EXERCISE – Exact copies of the lines from the one holding "- Панина, Павлова" through the last line of the entries below are to be printed, with pictures omitted.

RECORDS SUPPLIED –
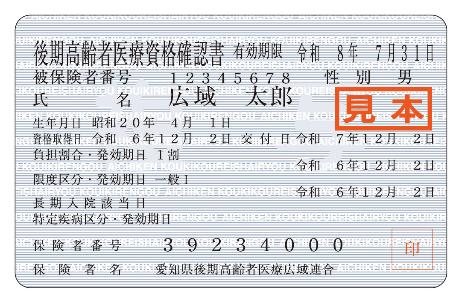 後期高齢者医療資格確認書 表 見本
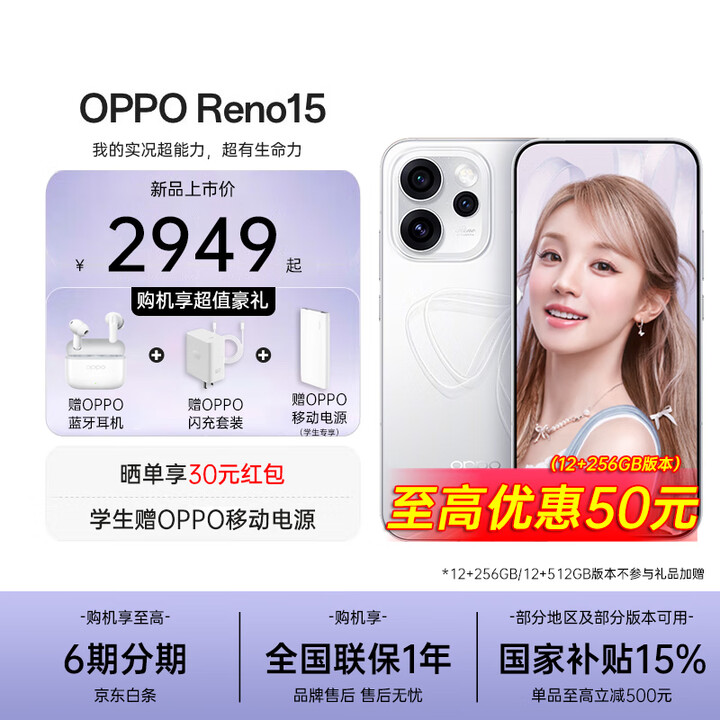OPPO【补贴立减15%】OPPO Reno15手机新品宋雨琦星光蝴蝶结2亿像素超清影像IP69满级防水实况神机新款 星光蝴蝶结 12GB+512GB 官方标配【全国联保】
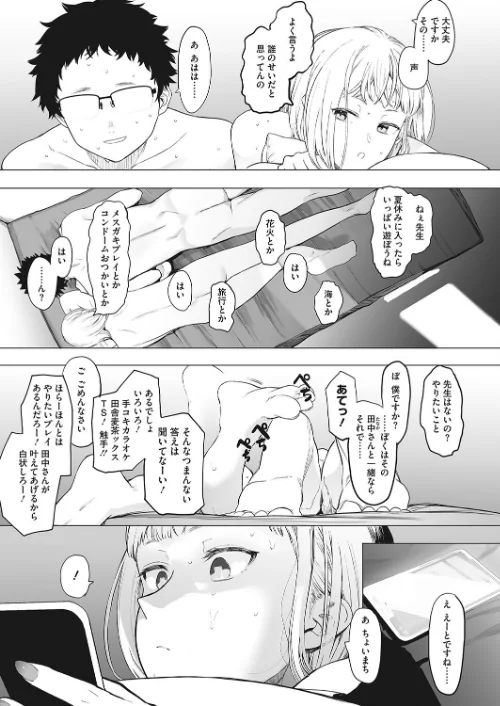 〈エロ漫画〉えいとまん先生のおかげで彼女ができました！（単話）|作者：えいとまん 試し読みサンプル 3ページ目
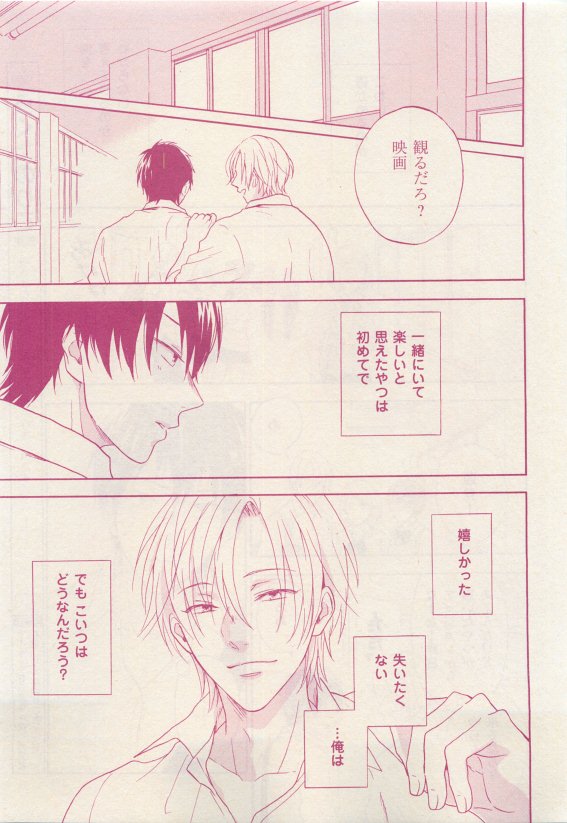 花音 2015-05 - Page 371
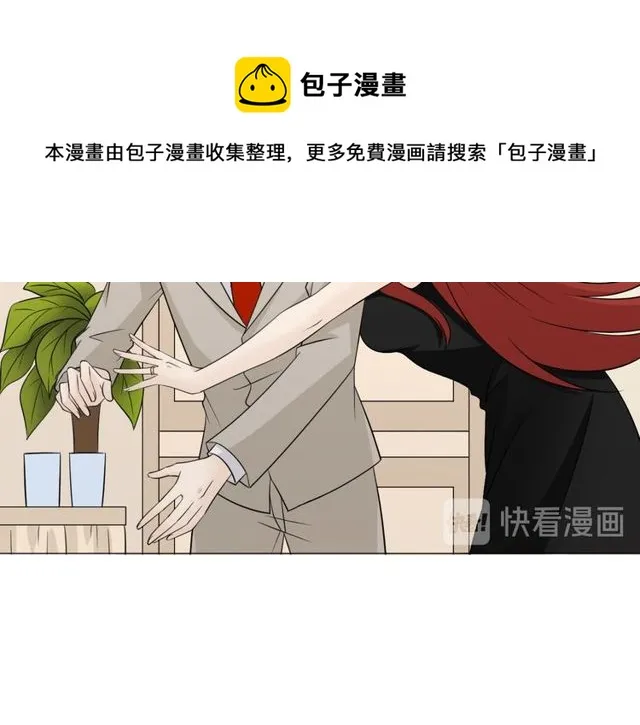 第91话命运的喉咙 第91页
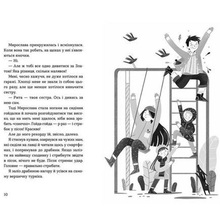 Книга Ольга Купріян Мирослава та інші з нашого двору 2021 (9786176799191)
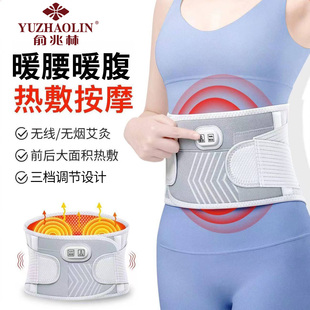 俞兆林充电加热护腰带腰部按摩器腰理疗腰部带保暖热敷艾灸男女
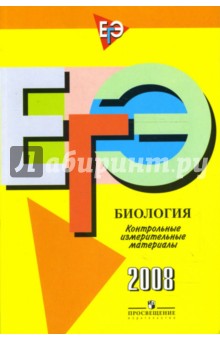 Единый государственный экзамен: биология: контрольно-измерительные материалы: 2008 - Панина, Павлова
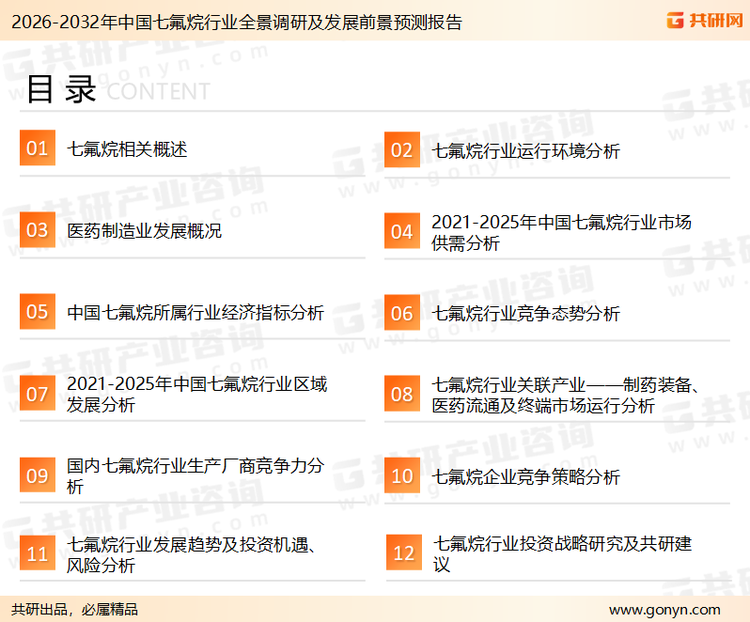 为确保七氟烷行业数据精准性以及内容的可参考价值，共研产业研究院团队通过上市公司年报、厂家调研、经销商座谈、专家验证等多渠道开展数据采集工作，并运用共研自主建立的产业分析模型，结合市场、行业和厂商进行深度剖析，能够反映当前市场现状、热点、动态及未来趋势，使从业者能够从多种维度、多个侧面综合了解当前七氟烷行业的发展态势。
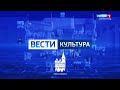 "Вести. Культура" (02.03.22) Гофман без слов. Премьера в театре кукол по произведениям сказочника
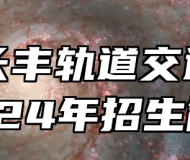 合肥长丰轨道交通学校2024年招生简章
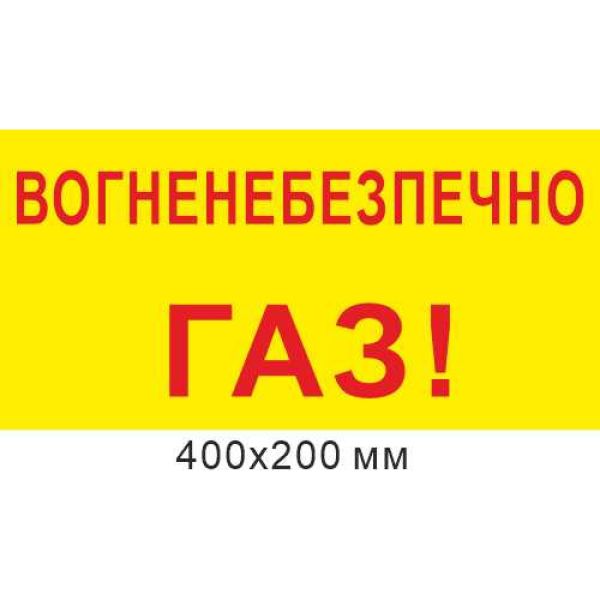 Табличка 400х200 мм Вогненебезпечно Газ!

EXERCISE OUTPUT –
 Единый государственный экзамен: биология: контрольно-измерительные материалы: 2008 - Панина, Павлова
 为确保七氟烷行业数据精准性以及内容的可参考价值，共研产业研究院团队通过上市公司年报、厂家调研、经销商座谈、专家验证等多渠道开展数据采集工作，并运用共研自主建立的产业分析模型，结合市场、行业和厂商进行深度剖析，能够反映当前市场现状、热点、动态及未来趋势，使从业者能够从多种维度、多个侧面综合了解当前七氟烷行业的发展态势。
 "Вести. Культура" (02.03.22) Гофман без слов. Премьера в театре кукол по произведениям сказочника
 合肥长丰轨道交通学校2024年招生简章
 Табличка 400х200 мм Вогненебезпечно Газ!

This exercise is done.